Re: [HACKERS] Fix number skipping in to_number

2017-11-12 Thread Tom Lane
Oliver Ford  writes:
> [ 0001-apply-number-v3.patch ]

I looked at this patch briefly and have a couple of comments:

* It seems entirely wrong to be matching to L_thousands_sep in the
NUM_COMMA case; that format code is by definition not locale aware,
so it should be matching to plain ',' independently of locale.

* Don't we need to fix the NUM_L (currency symbol) case in the
same manner?  (The NUM_D and NUM_S cases are handled in
NUM_numpart_from_char and seem ok at a quick glance.)

* I'm not in love with the noadd flag.  Other places in this
switch that want to skip the final increment do it with
"continue", and I think this should do likewise.

regards, tom lane


-- 
Sent via pgsql-hackers mailing list (pgsql-hackers@postgresql.org)
To make changes to your subscription:
http://www.postgresql.org/mailpref/pgsql-hackers


Re: [HACKERS] Fix number skipping in to_number

2017-10-02 Thread Daniel Gustafsson
> On 25 Sep 2017, at 02:52, Nathan Wagner  wrote:
> 
> On Thu, Aug 17, 2017 at 12:33:02PM +0100, Oliver Ford wrote:
> 
>> Ok I've made that change in the attached v3. I'm not sure as I'm on
>> en_US.UTF-8 locale too.

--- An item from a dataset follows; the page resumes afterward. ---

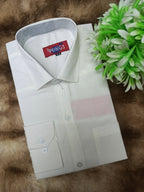 Cotton Silk Shirt.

Maybe something Windows specific?
> 
> This patch applies against master (8485a25a), compiles, and
> passes a make check.
> 
> I tested both on my mac laptop, and my linux server.
> 
> If we want this patch, I'd say it's ready for committer.  We may want
> (and I can't believe I'm saying this) more discussion as to exactly what
> the strategy for to_number() (and friends) is.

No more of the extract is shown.